Die Mutter sei sicher im Rewe, vermutet Herr Meier und Herr Mu schüttelt den Kopf. Dann hätte man das Kind doch vor dem Supermarkt zu warten geheißen und nicht auf der anderen Straßenseite. Nein, die Mutter würde ganz sicher einen Parkplatzsuchen, meint er und Meier macht ein unwilliges Geräusch. Dann würde man sein kleines Kind doch im Auto lassen und nicht aussetzen. Nein, die Mutter sei eines der gedankenlosen Dinger, die weiß Gott was erledigt und gar nicht merkt, dass die Kleine schon weggelaufen ist. Womöglich eine Ausländerin, mischt sich ein mir fremder, ebenfalls schon älterer Herr, ein. Schmarrn, attestieren Herr Meier und Herr Mu gleichzeitig. Aus- oder Inländer sei nicht die Frage. Die Frage ist, wie dumm das Elternteil sein kann, wenn es ein so kleines Wuggerl einfach sitzen lässt. Mit dem Mädchen an der Hand versuche ich die schimpfende Renteransammlung zu unterbrechen, um zu erfahren, seit wann genau die Kleine denn nun eigentlich auf dem Gehsteig gesessen ist. Die Angaben schwanken zwischen fünf Minuten und einer Viertelstunde. Jedenfalls war sie schon da, als man vorhin, vor kurzem, gerade, gekommen ist. Sie, die Kleine würde jetzt bei Mu und Meier bleiben müssen, sie würden ja sehen, wenn die Mutter kommt und ich würde erst in den Supermarkt gehen, dann alle Klingeln am Hauseingang drücken und dann, wenn noch immer niemand den rosa Zwerg suchen würde, die Polizei anrufen. Beide schütteln den Kopf. Nein, ein kleines Mädchen könne man nicht bei ihnen lassen. Ausgeschlossen. Was, wenn´s zum weinen anfängt.

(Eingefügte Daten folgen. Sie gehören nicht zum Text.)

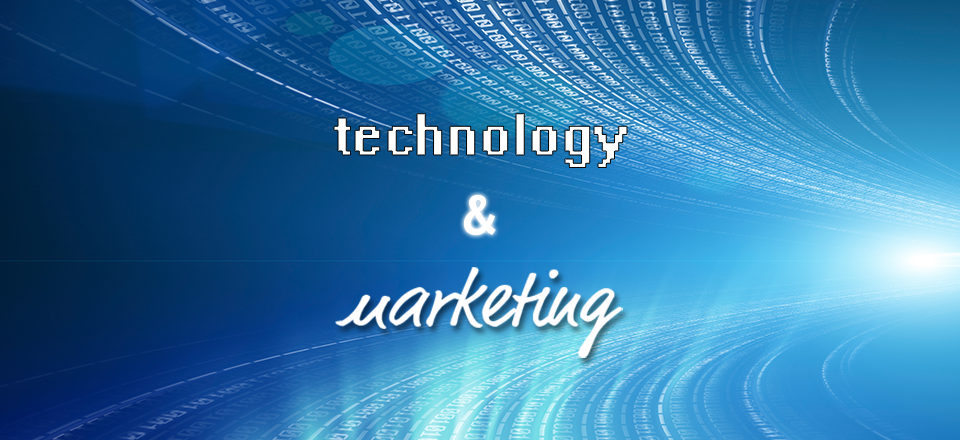 Technology and Marketing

Das erste Mal in diesem Jahr bin ich froh, Frau Obst zu sehen. Auch sie ist auf dem Weg zum Einkaufen und ich reiche ihr die Hand des Mädchens, bevor ich nach einer kurzen Erklärung in den Supermarkt laufe. Die Mutter finde ich nicht. Die steht, als ich zurück zu Bushaltestelle gehe, vor meinen alten Nachbarn und brüllt sie wütend an. Was ihnen, den alten Idioten einfallen würde, das Kind über die Straße zur Bushaltestelle zu schleppen, will sie wissen. Sie hätte ihre Tochter sehr wohl im Auge gehabt. Wenn die so ein Theater mache und nach dem Spielplatz nicht reingehen wolle, dann müsse sie halt mal vor der Türe hocken bleiben. Alles hätte sie durch das Fenster gesehen und alles war in Ordnung bis ich ihr Kind zu den alten Deppen geschleppt habe.

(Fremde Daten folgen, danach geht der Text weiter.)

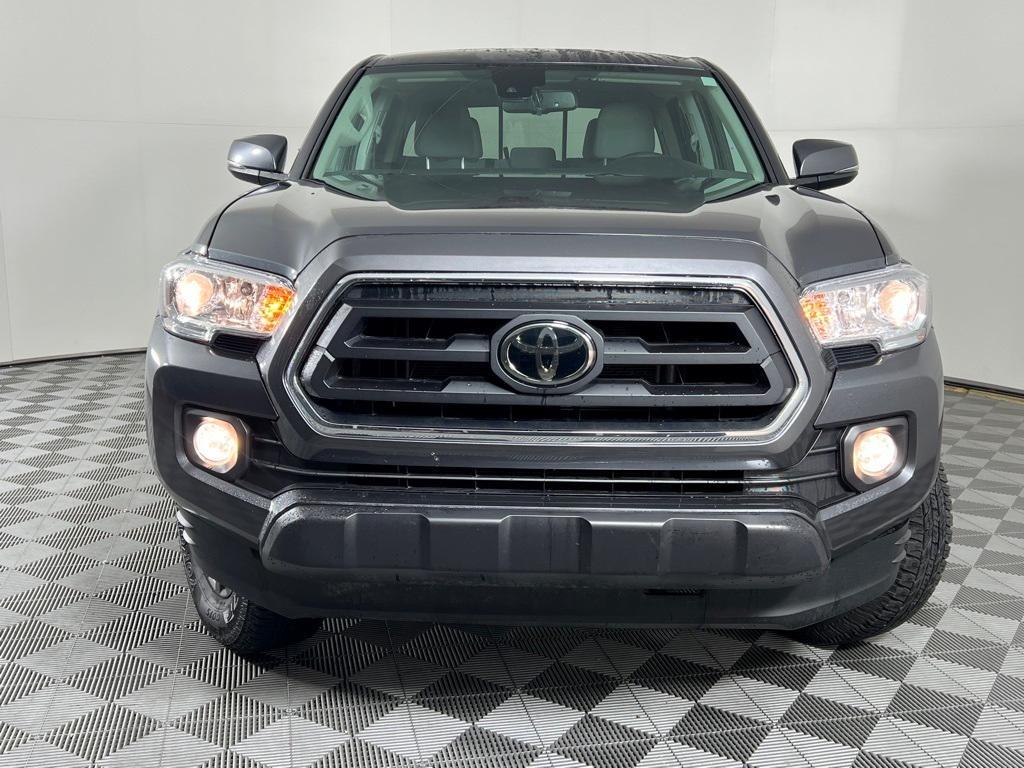 used 2023 Toyota Tacoma car, priced at $31,999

Wenn ich wirklich wütend bin, so wütend dass mir die Luft weg bleibt, dann werde ich extrem ruhig. So ruhig, dass ich die Mutter in einem durchaus gemäßigtem Tonfall frage, ob sie ihr Hirn bei der Entbindung im Kreißsaal vergessen hat. Nein….Sie ahnen es…ich werde so ruhig, dass ich gar nichts mehr sagen kann. In diesem Fall war es egal. Das zweite Mal in diesem Jahr war ich froh, dass Frau Obst neben mir stand. Sie sagte all das was ich mir dachte und sie sagte es nicht ruhig. Sie stellte sich vor Herrn Mu und Herrn Meier und fragte die Mutter ob die noch ganz sauber sei. Das Kind lächelt Herrn Meier an und der lächelt zurück. Das Schimpfen der Frauen hören beide nicht. So ist es häufig. Die Alten und die ganz Jungen, verstehen sich ohne Worte.  Sie werden sich noch oft sehen, wenn die Kleine älter ist. Ich bin nach Hause gegangen und habe mich erst an der Kreuzung noch mal umgedreht. Das Wuggerl hat gewunken.

21 Gedanken zu “S´Wuggerl

  1. Dass einem Hunde zulaufen, hat man ja schon gehört. Doch bei Kindern ist es meist umgekehrt – die werden eher entführt als dass man sie so auf der Straße findet. – Vielleicht wäre es dem Wuggerl bei dieser Mutter besser gegangen, wenn es von einer kinderlieben Person entführt worden wäre. (Ich nun wieder mit leichter krimineller Ader)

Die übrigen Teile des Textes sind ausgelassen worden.